- The paper presents a modular approach that overcomes rigid VI objectives in current probabilistic programming languages.
- It introduces compositional transformations that compile generative models into differentiable programs for unbiased gradient estimation.
- Benchmarks confirm minimal runtime overhead, competitive convergence, and broader expressivity compared to existing systems.
Probabilistic Programming with Programmable Variational Inference
The paper "Probabilistic Programming with Programmable Variational Inference" addresses the limitations and opportunities in Variational Inference (VI) within probabilistic programming languages (PPLs). The authors propose a modular approach to integrating VI support into PPLs, moving beyond the monolithic and inflexible implementations found in contemporary systems. The goal of this work is to increase the expressiveness and modularity of VI methods by leveraging compositional program transformations.
Overview of Existing Limitations
The authors identify several key limitations in current PPLs that support VI:
- Limited Options for VI Objectives: Existing PPLs provide a restricted set of predefined variational objectives and gradient estimators, which limits flexibility and customizability in probabilistic modeling tasks.
- Duplicative Engineering Effort: Efforts to support new VI objectives or gradient estimators typically require significant code duplication and deep system-specific knowledge.
- Difficulty of Reasoning: Monolithic implementations intertwine distinct concerns, making it challenging to reason about their correctness and to maintain the codebase.
Proposed Modular Approach
To address these limitations, the paper introduces a new framework that allows users to define VI objectives as programs. The framework is built on two new calculi for generative and differentiable probabilistic programming:
- Generative Probabilistic Programming Language (λGen): This language allows users to encode probabilistic models and variational families. It includes constructs for sampling and observing random variables, transforming them into distributions over traces.
- Differentiable Probabilistic Programming Language (λADEV): This is a lower-level language designed for differentiable programming and VI objectives. It extends λGen with constructs for computing expected values and differentiable scores, among others.
Program Transformations
The core innovation lies in two program transformations:
- Sim: Transforms generative programs into procedures that simulate traces and compute their densities.
- Density: Converts generative programs into density evaluators, which compute the density of given traces.
These transformations compile λGen programs into λADEV programs, facilitating the construction of unbiased gradient estimators for variational objectives.
Gradient Estimation via ADEV
For gradient estimation, the authors extend and utilize the ADEV framework, originally designed for automatic differentiation of probabilistic programs:
- Extensibility: The framework allows users to define new gradient estimation strategies for individual primitive distributions.
- Correctness: The transformations guarantee that the resulting gradient estimators are unbiased, under mild assumptions. This is formalized and proven using logical relations.
Extended Language Features
The full system further extends the formal model to support:
- Marginalization and Normalization: Constructs for marginalizing auxiliary variables and normalizing probabilistic programs to increase their expressiveness.
- Differentiable Stochastic Estimators: When exact densities are intractable, the system supports stochastic estimators that maintain the necessary differentiability properties.
- Reverse-Mode AD: Implementation enhancements to support reverse-mode automatic differentiation, making the framework more efficient for deep learning applications.
Evaluation
The system's performance is evaluated using several benchmarks, including variational autoencoders and the Attend-Infer-Repeat model. The results indicate that:
- Minimal Overhead: The modular transformations introduce negligible runtime overhead compared to hand-coded implementations.

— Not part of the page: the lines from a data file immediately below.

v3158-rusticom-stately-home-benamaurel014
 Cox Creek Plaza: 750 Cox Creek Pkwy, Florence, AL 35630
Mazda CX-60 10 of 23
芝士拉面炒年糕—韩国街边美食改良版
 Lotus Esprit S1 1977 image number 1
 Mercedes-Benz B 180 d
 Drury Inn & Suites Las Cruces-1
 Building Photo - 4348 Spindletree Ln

- Competitiveness: The framework's performance is competitive with existing PPLs such as Pyro, often providing faster convergence.
- Expressivity: The framework supports a broader range of VI objectives and gradient estimators, demonstrating its flexibility.
Implications and Future Work
This work has significant implications for the field of probabilistic programming and variational inference:
- Modular Reasoning: By separating concerns and enabling compositional reasoning, the framework enhances maintainability and extensibility, making it easier to develop and experiment with new inference algorithms.
- Broader Applicability: The system’s support for a wide array of objectives and gradient strategies opens the door to more complex and expressive probabilistic models.
- Future Developments: The formal foundation and modular design pave the way for future research into low-variance gradient estimators and the application of more advanced stochastic programming techniques.
Conclusion
"Probabilistic Programming with Programmable Variational Inference" represents a substantial advancement in the field of probabilistic programming. By introducing modular transformations and extending the expressiveness of PPLs, the authors provide a robust framework that empowers users to define, reason about, and experiment with a wide variety of variational inference algorithms. This work is poised to significantly impact how complex probabilistic models are built and optimized in the future.
This summary captures the essence and implications of the paper's contribution to the development of flexible and modular VI support in probabilistic programming languages.